Masked Contexts is an exploration into the COCO dataset and a dialogue with the photographers whose images were scraped by the dataset’s authors without their knowledge or consent. Email correspondence paired with the photographers' original images, the segmented masks and captions that they have been transformed into, and the photographers' possible reappropriations of their photos, all come together to present a multi-layered glimpse into the process of converting personal images into universal pieces of big data.
Originally published by Microsoft, the COCO (common objects in context) dataset contains 330,000 photos scraped from Flickr, many of which are intimate family photos uploaded by amateur photographers for personal use. Image datasets like COCO are often used to train surveillance technologies, amongst other types of computer vision programs.
The dataset was reverse-engineered through custom scripts to provide additional metadata, including the Flickr username associated with each image. In 2019, I began contactinig Flickr users were contacted to inform them that their photos were part of the dataset.
The conversations that emerged as a result are documented in this project and can be explored on the project website.
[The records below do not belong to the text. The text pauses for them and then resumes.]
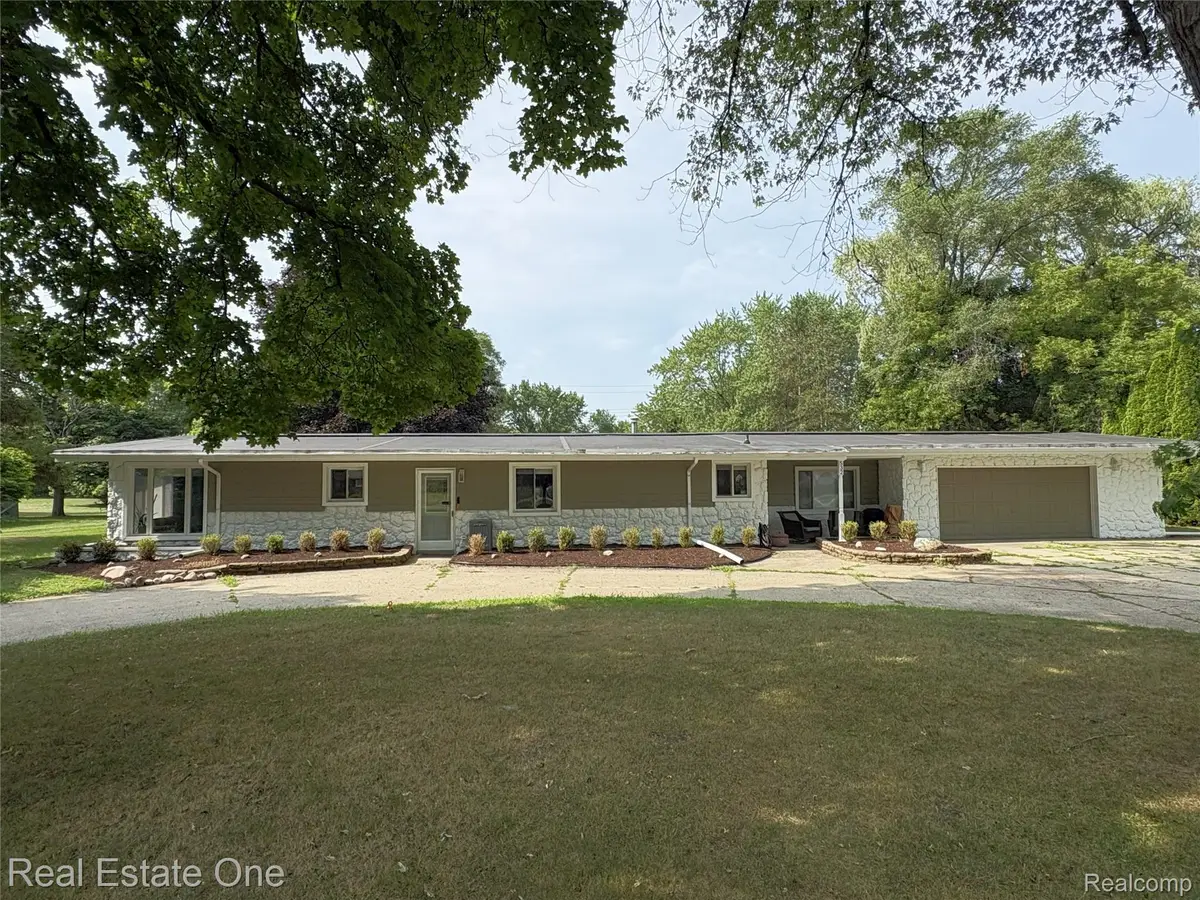 532 Nichols Road, Auburn Hills, MI 48326 - #1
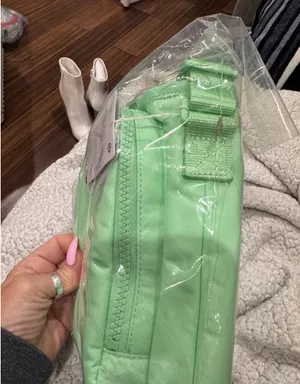 Lululemon Lime / Rainforest Green Crossbody Water Bottle with Front Pocket thumbnail 6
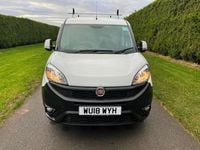 Used Fiat Doblò 95 HP (69 kW) 2018 White MPV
The COCO metadata provides annotations for each image in two forms, masks and captions. To the right is a screenshot of COCO website displaying them. Both of these methods of annotation were made by hired Amazon Mechanical Turks.
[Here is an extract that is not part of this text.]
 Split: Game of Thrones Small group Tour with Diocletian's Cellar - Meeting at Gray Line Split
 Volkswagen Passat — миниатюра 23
The masks outline particular object types found in each image, while the captions are meant to objectively describe each image. These captions are used for training computer vision programs so they can learn to analyze and describe visual inputs. There are five captions provided for each image.
Masked Contexts showcases these annotations juxtaposed with the image authors’ response. The masks are additionaly organized as a grid of meaningless visuals. When hovered over, their corresponding captions are read aloud.